--- Exercise objective ---
Everything in the records below from the line containing "毕业论文各阶段时间安排怎么写" through the line containing "Blusa corbatera para mujer manga tres cu" is to be reproduced exactly, those two lines included; no picture is to be copied.

--- Task material ---
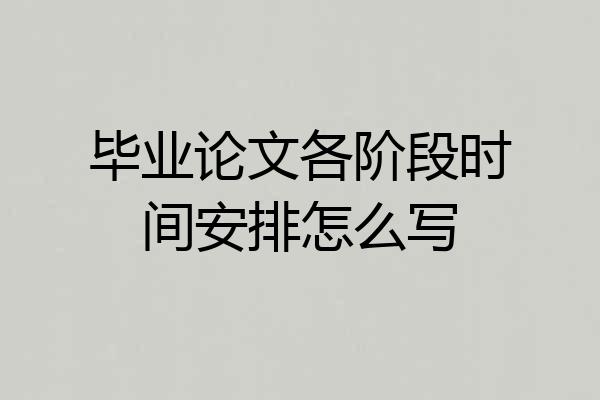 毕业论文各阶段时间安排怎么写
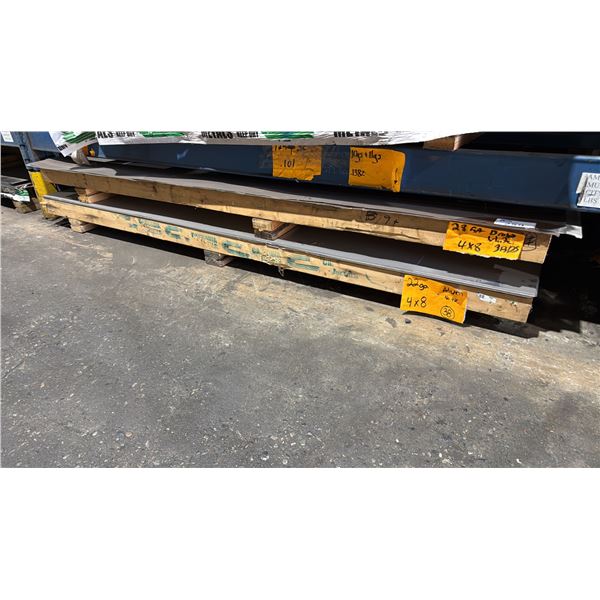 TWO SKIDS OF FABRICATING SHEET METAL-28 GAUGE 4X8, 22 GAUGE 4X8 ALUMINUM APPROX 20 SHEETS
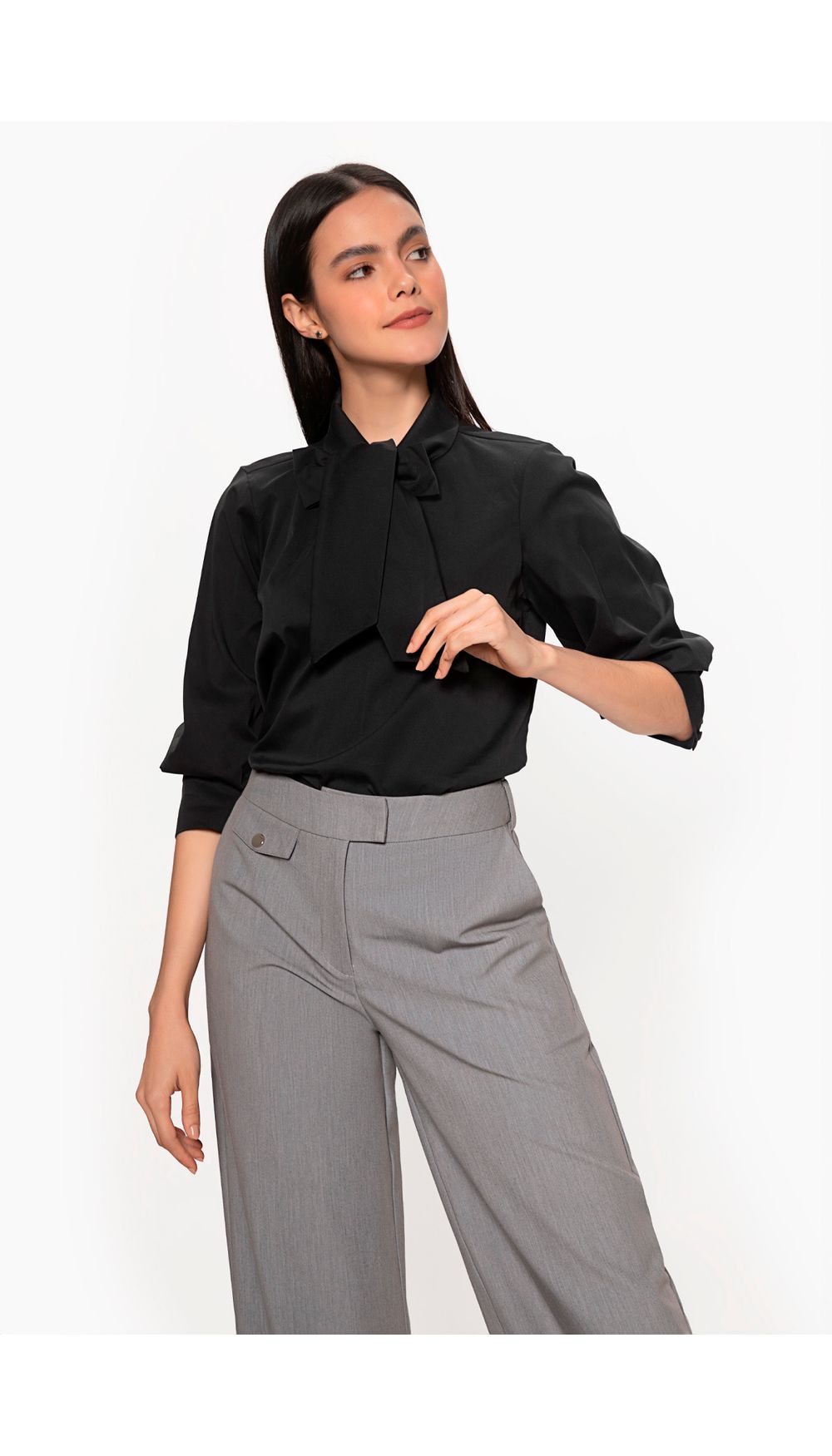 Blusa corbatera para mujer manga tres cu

...

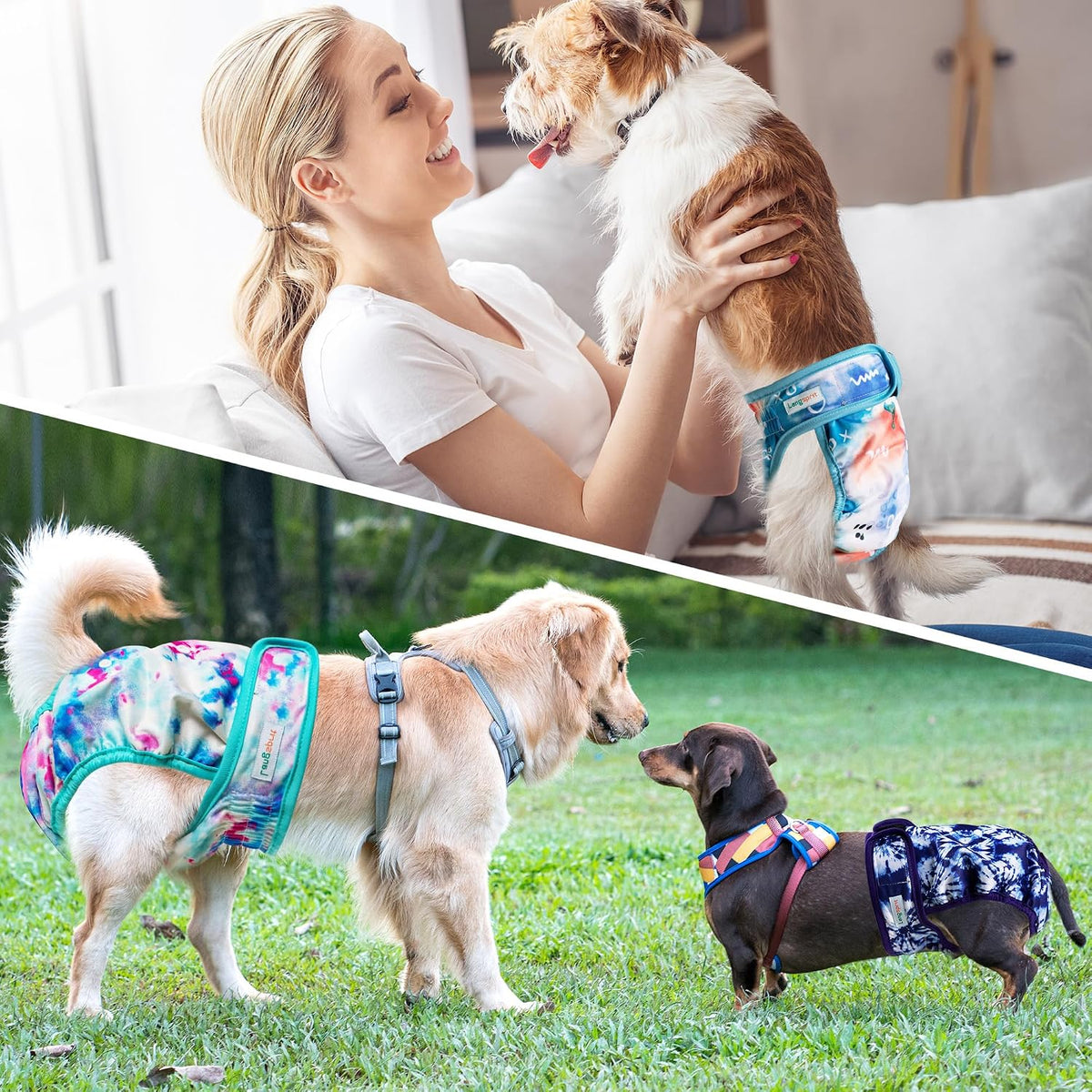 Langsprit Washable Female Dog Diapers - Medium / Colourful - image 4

* * *

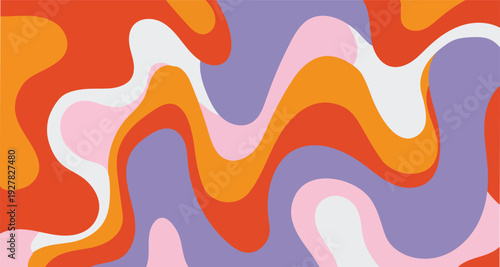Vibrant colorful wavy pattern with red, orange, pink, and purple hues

--- Answer to this task ---
 毕业论文各阶段时间安排怎么写
 TWO SKIDS OF FABRICATING SHEET METAL-28 GAUGE 4X8, 22 GAUGE 4X8 ALUMINUM APPROX 20 SHEETS
 Blusa corbatera para mujer manga tres cu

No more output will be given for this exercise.